A palestra é uma defesa do pacifismo, uma causa que Zweig [1881-1942] assumira já no período da Primeira Grande Guerra. Seu pacifismo tinha um viés cultural, era antinacionalista e europeísta. Durante o conflito mundial, Zweig jamais aceitou que os amigos Romain Rolland e Émile Verhaeren, francês e belga, ambos escritores, fossem vistos como pertencentes ao campo inimigo. Na apresentação da conferência, Celso Lafer lembra a classificação, pelo cientista político italiano Norberto Bobbio, de três formas de pacifismo — o instrumental, que persegue uma política de desarmamento, o institucional, que objetiva a criação de órgãos reguladores para garantir a paz, e o mais difícil de ser exercido, o finalista, de adesão pessoal, que pretende convencer do valor da paz. Este era o caso de Zweig.
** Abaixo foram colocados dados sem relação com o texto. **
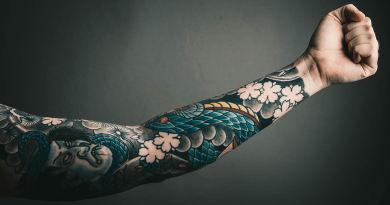 An arm extended to show a full sleeve of tattoos.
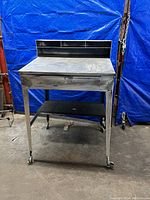 Front view of vintage metal warehouse desk showing drawer and casters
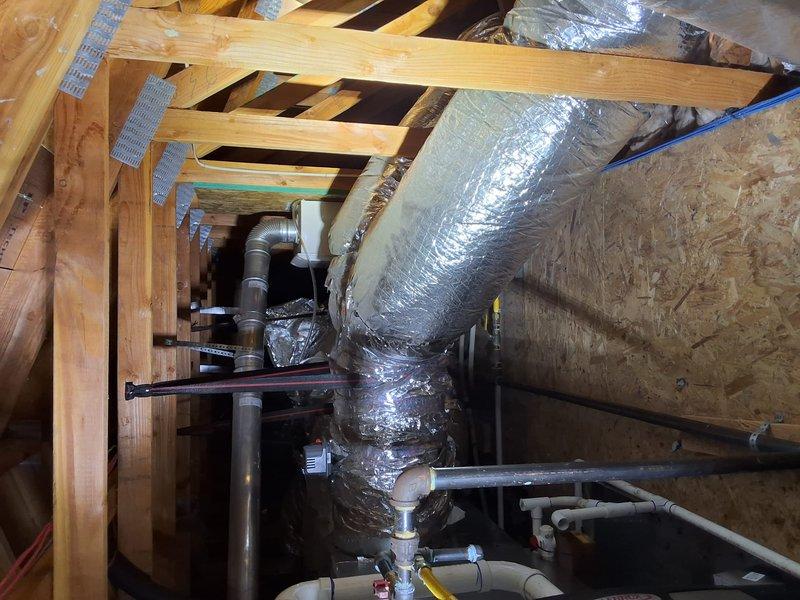 Responded to no hot water complaint at residential property. Accessed attic space to diagnose 2011 Noritz tankless water heater. Performed diagnostic evaluation of unit, inspected venting system, gas supply lines, and electrical connections. Examined flex duct routing and PVC condensate drainage system in attic installation. Identified issue preventing hot water production and completed necessary repairs to restore system operation.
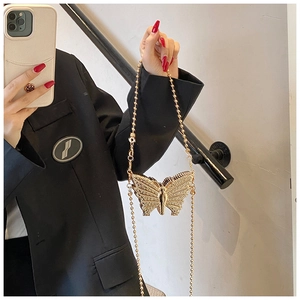 Détail du sac de soirée papillon doré avec des strass étincelants et une chaîne à billes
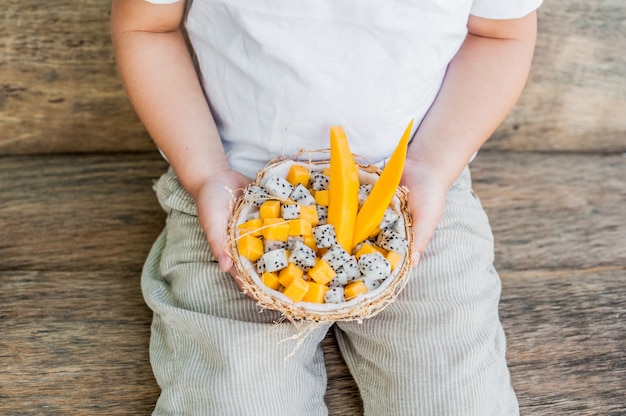 Salada de frutas com fruta do dragão e mamão ao meio coco na mão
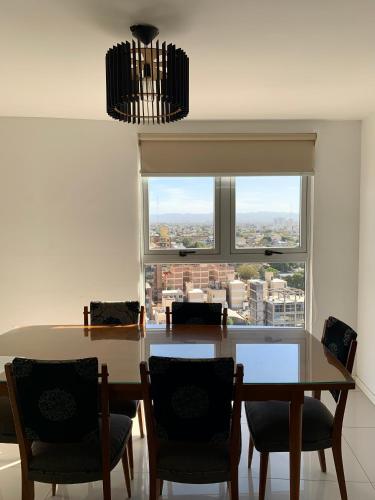 a dining room with a table and chairs and a window at ALOHA Güemes Premium, 2 dorm con Vista a las Sierras in Córdoba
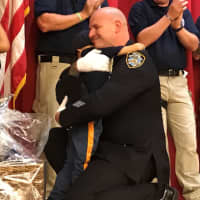 <p>Alex Hammer, 4, hugs NYPD Detective Damian Majersky.</p>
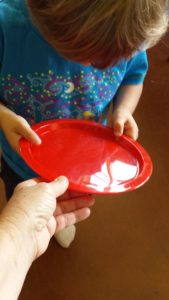 Teacher handing Transition Object (plate) to student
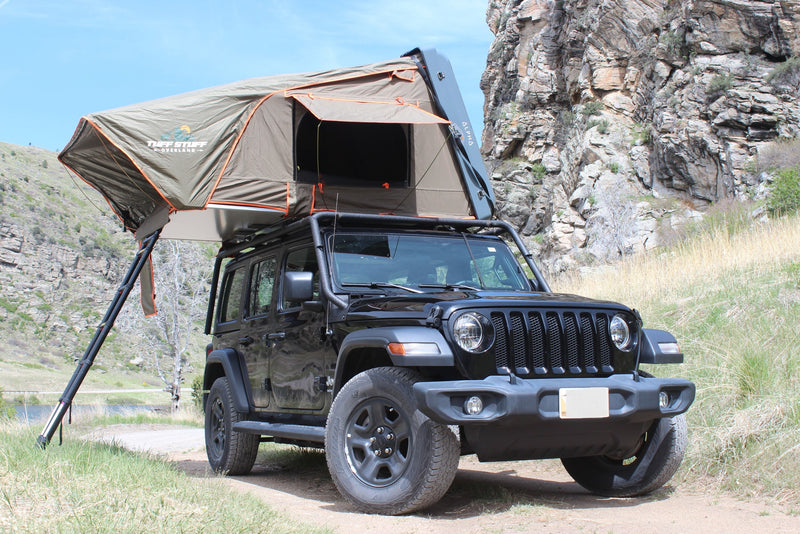 An rv rental black Jeep Wrangler with an open Tuff Stuff overland rooftop tent, ready for camping in a rocky, grassy landscape. — photo 1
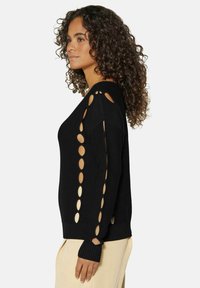 Schwarzer Pullover mit ausgeschnittenen, runden Designs an den Ärmeln, mit gestrickter Textur und gerippten Bündchen. Einfacher Rundhalsausschnitt und entspannte Passform.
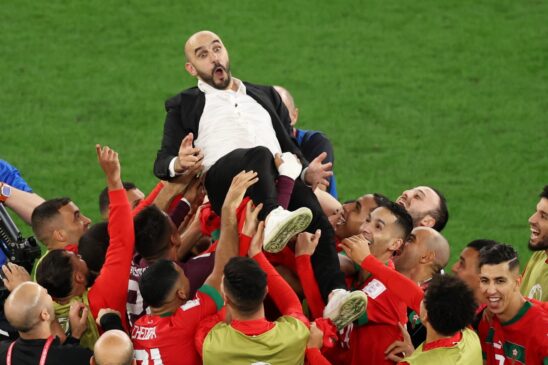 Seleção de Marrocos celebra com seu treinador sua classificação para as Quartas da Copa do Mundo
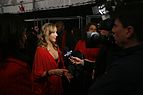 Nastia Liukin, em 2009, numa entrevista na New York Fashion Week, na qual desfilou pela coleção The Heart Truth's Red Dress Collection da Max Azria.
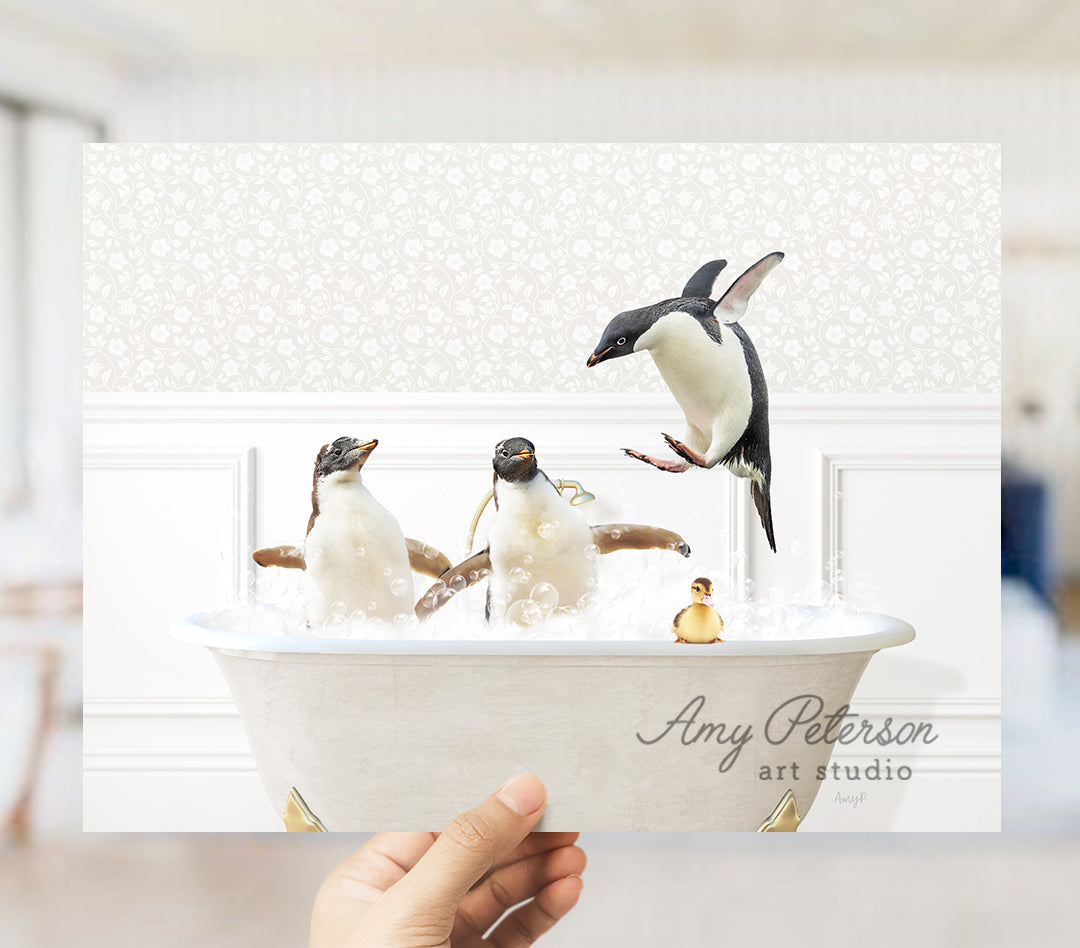 a person holding a bowl with penguins in it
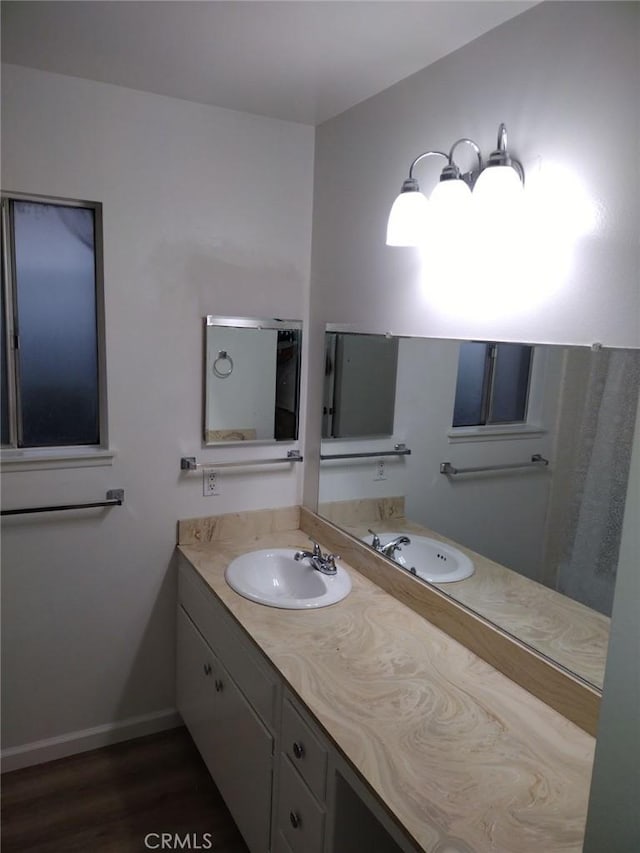 bathroom featuring hardwood / wood-style flooring and vanity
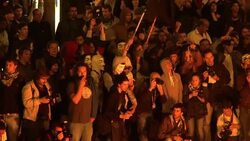 Anti-austerity protesters light fire outside Portuguese parliament News Clip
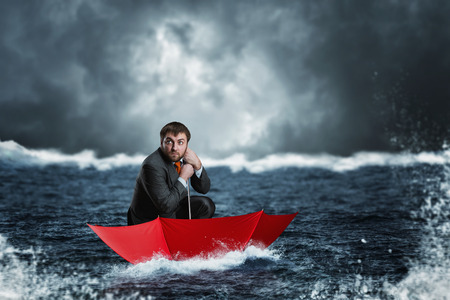 Scared businessman in the umbrella sails in the sea in the nightの写真素材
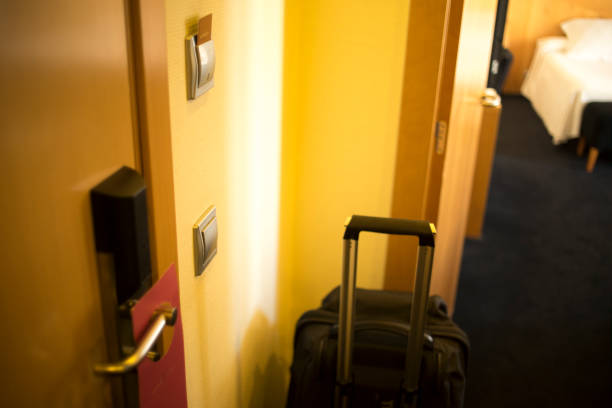 istock Luxury modern style hotel suite bedroom clean and ready for guests. 974698380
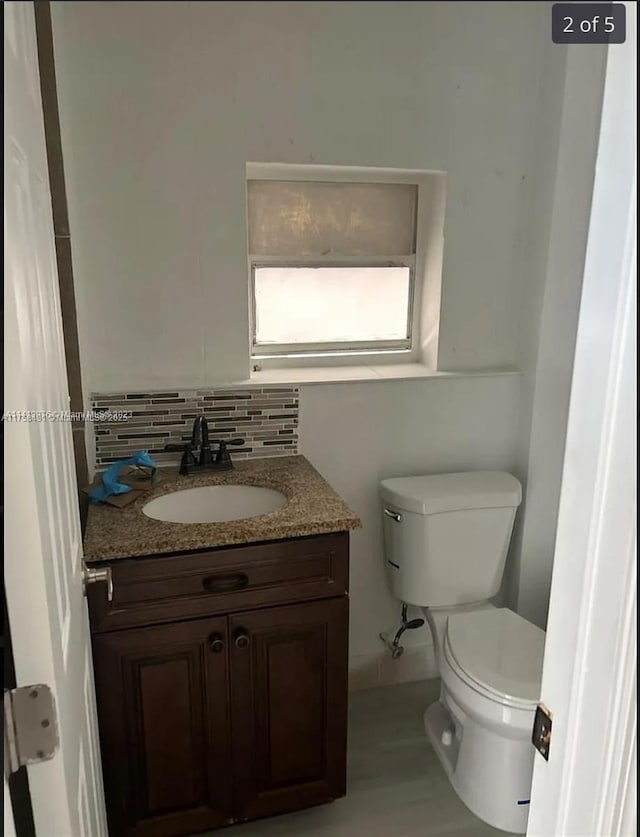 bathroom featuring toilet, tasteful backsplash, and vanity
Na visita ao Rio, com o continente europeu partido, o europeísmo de Zweig não fazia mais sentido. Por este motivo, o escritor desviou sua atenção da Europa para a América Latina e tomou como tema de sua palestra a unidade espiritual do mundo. Pela primeira vez, ele manifestou a crença de que caberia aos latino-americanos, voltados para o futuro, o papel de condução da unificação espiritual. Recorreu em sua argumentação ao episódio bíblico da Torre de Babel, que remeteria ao ideal de comunicação universal, e ao espírito da latinidade, a seu ver, uma força integradora. 

Zweig voltou à América do Sul em 1940. Passou pela Argentina, pelo Uruguai e pelo Brasil. Na Argentina, repetiu a palestra carioca, com alterações em virtude da situação de guerra. Israel Beloch, responsável pela edição de A unidade espiritual do mundo, cotejou as conferências do Brasil e da Argentina e mostrou que o diagnóstico da situação de 40 era muito mais sombrio do que o de 36, mas que o ideal pacifista fora preservado. Zweig afirmou em Buenos Aires: “Conservemos a convicção inquebrantável de que nosso mundo passará de catástrofe em catástrofe enquanto se negar a admitir a ideia de uma unidade espiritual”.

A viagem de 1940 serviu para Zweig obter subsídios para escrever 'Brasil, país do futuro'

Defendeu-se também da acusação de irrealismo da sua posição: “Por acaso a razão deve render-se à loucura? É uma ideia menos verdadeira porque no momento atual é irrealizável? Pelo contrário, o dever superior do intelectual é o de permanecer fiel às suas convicções, ainda que a realidade as desminta no momento. […] Admitamos, porém, que inclusive tenhamos nos equivocado e trabalhado em favor de uma quimera; pelo menos teremos vivido para a ilusão mais nobre que anima a face da Terra”.

A viagem de 1940 serviu para Zweig obter subsídios para escrever Brasil, país do futuro, livro que pretende demonstrar, com base em um retrato do país, que poderíamos servir de modelo para o mundo. O Brasil, por causa de sua história e geografia, teria condições de abrigar uma civilização sem preconceitos, herdeira dos melhores ideais que a Europa tinha criado e que tinham sido traídos. 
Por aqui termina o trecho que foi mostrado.